The amendment would require a local public referendum approving the resort facilities. Additionally, the resort facilities would be spread throughout the state in five distinct licensing regions. Two license may be permitted in one region (Atlanta) with a “primary casino gaming license” and a “secondary casino license.”

The secondary license would be limited to 2,000 total gaming positions while primary licenses would have no restriction on total gaming positions.

State revenue derived from gaming will go to fund educational programs, support operational expenses associated with regulation of the casinos, to support problem gambling initiatives and to host municipalities of the casinos.

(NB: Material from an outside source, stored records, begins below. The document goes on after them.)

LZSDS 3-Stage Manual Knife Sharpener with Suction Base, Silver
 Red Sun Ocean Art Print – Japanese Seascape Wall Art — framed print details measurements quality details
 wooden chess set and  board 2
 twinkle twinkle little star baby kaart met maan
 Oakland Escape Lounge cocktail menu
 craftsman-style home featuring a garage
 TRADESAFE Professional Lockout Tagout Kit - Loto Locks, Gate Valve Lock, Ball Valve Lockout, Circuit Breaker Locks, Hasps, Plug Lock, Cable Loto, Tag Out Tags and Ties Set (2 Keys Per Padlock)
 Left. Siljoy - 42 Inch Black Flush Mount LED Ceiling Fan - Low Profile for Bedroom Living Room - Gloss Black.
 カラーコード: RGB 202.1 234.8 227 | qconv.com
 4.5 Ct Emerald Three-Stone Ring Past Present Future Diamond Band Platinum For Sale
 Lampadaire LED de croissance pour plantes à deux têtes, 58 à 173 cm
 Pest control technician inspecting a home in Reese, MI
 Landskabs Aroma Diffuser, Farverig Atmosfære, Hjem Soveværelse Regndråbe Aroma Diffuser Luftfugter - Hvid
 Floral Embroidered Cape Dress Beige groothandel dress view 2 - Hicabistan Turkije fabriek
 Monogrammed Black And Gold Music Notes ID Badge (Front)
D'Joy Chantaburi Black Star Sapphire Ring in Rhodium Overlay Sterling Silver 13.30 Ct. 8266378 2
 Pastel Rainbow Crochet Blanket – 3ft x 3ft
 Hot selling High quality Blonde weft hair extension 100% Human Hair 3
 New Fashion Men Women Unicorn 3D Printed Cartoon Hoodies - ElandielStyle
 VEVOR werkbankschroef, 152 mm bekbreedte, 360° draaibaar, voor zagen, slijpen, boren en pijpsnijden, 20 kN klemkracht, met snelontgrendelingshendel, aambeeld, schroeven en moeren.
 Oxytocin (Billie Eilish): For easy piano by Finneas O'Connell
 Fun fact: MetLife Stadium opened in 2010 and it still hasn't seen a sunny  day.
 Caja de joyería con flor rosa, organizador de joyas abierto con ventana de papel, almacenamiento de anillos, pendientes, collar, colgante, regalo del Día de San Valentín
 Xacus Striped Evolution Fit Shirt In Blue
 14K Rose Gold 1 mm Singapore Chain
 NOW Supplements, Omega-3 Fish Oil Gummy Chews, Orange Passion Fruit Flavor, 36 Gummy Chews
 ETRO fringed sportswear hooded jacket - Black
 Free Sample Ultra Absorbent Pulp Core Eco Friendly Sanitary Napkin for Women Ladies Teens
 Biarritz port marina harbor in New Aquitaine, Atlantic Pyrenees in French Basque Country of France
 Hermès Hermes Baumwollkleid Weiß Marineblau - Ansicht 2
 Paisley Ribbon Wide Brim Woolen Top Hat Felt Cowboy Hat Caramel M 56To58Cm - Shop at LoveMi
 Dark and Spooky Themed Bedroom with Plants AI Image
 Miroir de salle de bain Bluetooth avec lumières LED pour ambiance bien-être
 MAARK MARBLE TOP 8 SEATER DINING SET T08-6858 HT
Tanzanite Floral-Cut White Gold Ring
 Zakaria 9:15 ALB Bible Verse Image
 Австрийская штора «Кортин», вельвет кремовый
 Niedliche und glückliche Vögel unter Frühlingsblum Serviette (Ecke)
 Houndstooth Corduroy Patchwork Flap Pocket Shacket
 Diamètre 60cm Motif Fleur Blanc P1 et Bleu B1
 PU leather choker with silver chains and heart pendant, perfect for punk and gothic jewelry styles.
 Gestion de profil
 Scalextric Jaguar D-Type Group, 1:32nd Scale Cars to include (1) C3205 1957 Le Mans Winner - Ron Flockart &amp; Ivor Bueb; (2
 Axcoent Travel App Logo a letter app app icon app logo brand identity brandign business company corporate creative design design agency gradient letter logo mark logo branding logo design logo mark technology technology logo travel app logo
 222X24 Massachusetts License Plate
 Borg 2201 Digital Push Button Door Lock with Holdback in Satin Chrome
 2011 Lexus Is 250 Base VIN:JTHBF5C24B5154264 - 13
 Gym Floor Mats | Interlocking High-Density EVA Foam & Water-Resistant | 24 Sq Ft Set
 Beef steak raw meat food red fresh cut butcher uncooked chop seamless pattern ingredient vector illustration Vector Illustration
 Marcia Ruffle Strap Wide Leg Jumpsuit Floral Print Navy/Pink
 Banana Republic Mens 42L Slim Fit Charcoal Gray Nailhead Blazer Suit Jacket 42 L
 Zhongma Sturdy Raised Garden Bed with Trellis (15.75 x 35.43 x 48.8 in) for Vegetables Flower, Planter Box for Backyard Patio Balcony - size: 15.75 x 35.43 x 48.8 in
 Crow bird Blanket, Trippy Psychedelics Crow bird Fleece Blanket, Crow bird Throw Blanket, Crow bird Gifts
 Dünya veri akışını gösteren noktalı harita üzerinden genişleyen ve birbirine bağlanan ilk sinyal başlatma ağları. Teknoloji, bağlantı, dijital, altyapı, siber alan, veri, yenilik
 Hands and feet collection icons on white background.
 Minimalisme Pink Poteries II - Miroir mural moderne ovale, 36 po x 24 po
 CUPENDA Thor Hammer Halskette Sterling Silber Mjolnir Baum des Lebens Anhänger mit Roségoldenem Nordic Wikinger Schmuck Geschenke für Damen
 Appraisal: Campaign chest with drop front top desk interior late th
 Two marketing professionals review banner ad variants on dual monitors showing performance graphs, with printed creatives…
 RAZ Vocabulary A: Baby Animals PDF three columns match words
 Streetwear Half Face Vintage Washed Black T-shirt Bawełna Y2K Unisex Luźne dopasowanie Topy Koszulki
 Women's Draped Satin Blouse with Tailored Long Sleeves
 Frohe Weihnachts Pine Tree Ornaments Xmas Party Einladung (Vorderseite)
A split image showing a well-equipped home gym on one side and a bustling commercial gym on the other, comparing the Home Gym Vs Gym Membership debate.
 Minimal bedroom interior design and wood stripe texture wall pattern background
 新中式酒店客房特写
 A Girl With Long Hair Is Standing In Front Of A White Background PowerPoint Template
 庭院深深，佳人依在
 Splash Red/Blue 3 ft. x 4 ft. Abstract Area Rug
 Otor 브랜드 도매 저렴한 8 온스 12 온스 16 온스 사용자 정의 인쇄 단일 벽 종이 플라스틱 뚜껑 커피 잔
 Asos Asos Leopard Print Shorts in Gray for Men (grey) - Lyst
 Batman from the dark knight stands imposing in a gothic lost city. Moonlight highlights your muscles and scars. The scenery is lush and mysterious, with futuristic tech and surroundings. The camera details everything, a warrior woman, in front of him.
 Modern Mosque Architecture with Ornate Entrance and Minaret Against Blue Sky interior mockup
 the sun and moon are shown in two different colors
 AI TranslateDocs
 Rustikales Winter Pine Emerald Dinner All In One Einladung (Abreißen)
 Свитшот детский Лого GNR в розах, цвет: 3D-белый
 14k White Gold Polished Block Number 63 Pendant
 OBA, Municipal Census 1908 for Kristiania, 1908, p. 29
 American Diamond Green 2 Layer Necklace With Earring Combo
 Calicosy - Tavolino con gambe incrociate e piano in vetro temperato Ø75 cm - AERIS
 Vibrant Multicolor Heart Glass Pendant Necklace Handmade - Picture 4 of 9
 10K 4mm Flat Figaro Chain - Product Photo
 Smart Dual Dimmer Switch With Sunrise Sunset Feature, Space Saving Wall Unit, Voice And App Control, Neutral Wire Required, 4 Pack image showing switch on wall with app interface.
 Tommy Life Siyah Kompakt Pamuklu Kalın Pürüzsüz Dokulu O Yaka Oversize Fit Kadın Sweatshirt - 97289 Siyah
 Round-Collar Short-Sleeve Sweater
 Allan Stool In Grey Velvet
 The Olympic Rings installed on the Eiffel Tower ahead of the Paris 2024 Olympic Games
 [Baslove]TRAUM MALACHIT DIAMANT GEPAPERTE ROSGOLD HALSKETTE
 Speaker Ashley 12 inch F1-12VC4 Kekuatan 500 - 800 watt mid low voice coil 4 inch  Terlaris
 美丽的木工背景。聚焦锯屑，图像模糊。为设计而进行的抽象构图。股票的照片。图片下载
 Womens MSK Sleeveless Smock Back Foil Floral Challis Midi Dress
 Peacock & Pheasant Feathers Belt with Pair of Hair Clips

Rep. Stephens simultaneously filed HB 677, the proposed 127-page gaming legislation to be implemented upon approval of the constitutional amendment. HB 677 outlines the capital investment requirements for the “primary casino gaming licenses” in the various regions: $1 billion in Region One (Atlanta) and $200 million in Regions 2 through 5. License fees are proposed at $25 million for the primary license in Region One, $10 million for the secondary license in Region One and $10 million for the primary licenses in Regions 2 through 5. The facilities would be subject to a 12% tax on gross gaming revenue.

HJR 87 in Tennessee

The Tennessee State Government Subcommittee received House Joint Resolution 87 this week. This constitutional amendment would permit the Legislature to authorize casino gaming in Tennessee. Unlike the Georgia proposal, HJR 87 does not limit the Legislature in the number of casinos it can authorize.

HJR 87 would require state revenue derived from gaming to be allocated to K-12 education or problem gaming programs, as well as to administer and regulate gaming operations in the state.

HJR 87 was before the State Government Subcommittee on Wednesday and was deferred to a summer study.

We’ll keep you updated here if there is any movement on these bills.